Lünemann, p. 588, Heb. 8:3

ὃ προσενέγκῃ

προσενέγκῃ is conjugated in the aorist tense, active voice, and subjunctive mood. It seems to me that some commentaries interpret προσενέγκῃ as though it is referring to an offering that occurred in the past (rather, than say, one that occurs (present tense) in heaven). But, is this a possible translation of the aorist subjunctive?


  1. It is necessary that he has something that he offers (or will offer).
  2. It was necessary that he has (had? to have?) something that he offered.


  1. What are the interpretative implications of each translation? (In other words, how does each translaton affect the interpretation of the verse and the related context?)
  2. What should be the English translation of the Greek text?
  3. Also, to what exactly does «τι» refer (in «ἔχειν τι»)?


1 For example: the NIV; Lünemann, Göttlieb. Critical and Exegetical Handbook to the Epistles to Timothy and Titus, and to the Epistle to the Hebrews. (588); Beza, Theodore. The New Testament of our Lord Jesus Christ. (99); Bengel, Johann Albrecht. Gnomon of the New Testament. Vol. 4. (411); De Wette, Wilhelm Martin Lebrecht. Kurze Erklärung der Briefe an Titus, Timotheus und die Hebräer. (197); Bleek, Friedrich. Der Brief an die Hebräer erläutert durch Einleitung, Ubersetzung, und fortlaufenden Commentar. Vol. 2, Part 2. (428); etc.

2 the Vulgate; Luther (muß); Alford, Henry. The Greek Testament. (Heb. 8:3, 148); Delitzsch, Franz. Commentary on the Epistle to the Hebrews. Vol. 2. (25-28); etc.

  • If there is a variant in the TR that you want to focus please identify the deviation from the de facto scholarly standard and using standard quotation marks is appreciated as well. (Yes you are free to ignore me).
    – Ruminator
    Commented Sep 18, 2017 at 2:55

1 Answer 1


You have listed three question but there is actually a fourth as well - textual variation. Let me deal with the textual variation - there is none. TR, the Majority text, the Byzantine text and NA28 and UBS5 all agree on the text as shown in the question.

"Was" vs "is" Necessary

"ἀναγκαῖον" is an adjective in the nominative neuter singular and means "necessary". Thus, because it is an adjective it is not a verb. "was" or "is" preceding it is required to make grammatical sense in English and either is grammatically correct. So which is preferred?

  • "was" necessary is used by many translations because they presumably believe either: the principle here is derived from the OT cultic system and so is now past, or, they believe Jesus as High Priest offered His sacrifice on Golgotha (Himself) which is a completed act. This is confirmed by v6 where past tense verbs are used.
  • "is" necessary is used by some versions because the verb (unconnected grammatically) immediately following, "ἔχειν" is present infinitive active - but this is not necessary because they do not need to agree as they are different parts of speech.

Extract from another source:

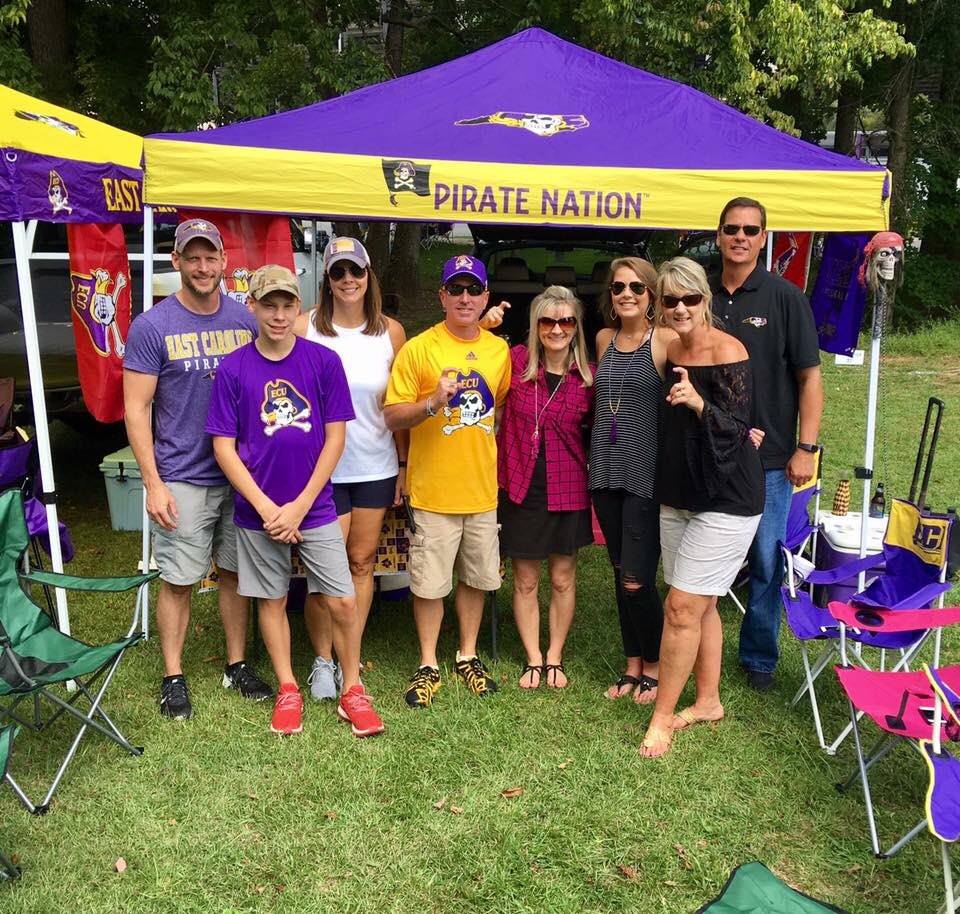 CooperChrist's tweet image. True Fans!  Always Undaunted!!
#ECUGameday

However, either is grammatically correct (in English) but I personally prefer "was" necessary because of the historical nature of the narrative.


As correctly stated in the question, this is a verb - Aorist Subjunctive Active - 3rd Person Singular. As such it should be translated as "he might offer" or similar. This is discussing a principle about the priesthood derived from the paradigm established in the earthly tabernacle/temple. Thus, there is an implied question as to what Jesus, as High Priest was to offer which the following verses heighten with further discussion.


This is simply an Interrogative / Indefinite Pronoun - Accusative Neuter Singular. "Something" is a perfectly accurate translation. In this construction it does not need to have an antecedent.


Most version of this text are quite acceptable. Here is a sample:

NIV: Every high priest is appointed to offer both gifts and sacrifices, and so it was necessary for this one also to have something to offer.

ESV: For every high priest is appointed to offer gifts and sacrifices; thus it is necessary for this priest also to have something to offer.

NASB: For every high priest is appointed to offer both gifts and sacrifices; so it is necessary that this high priest also have something to offer.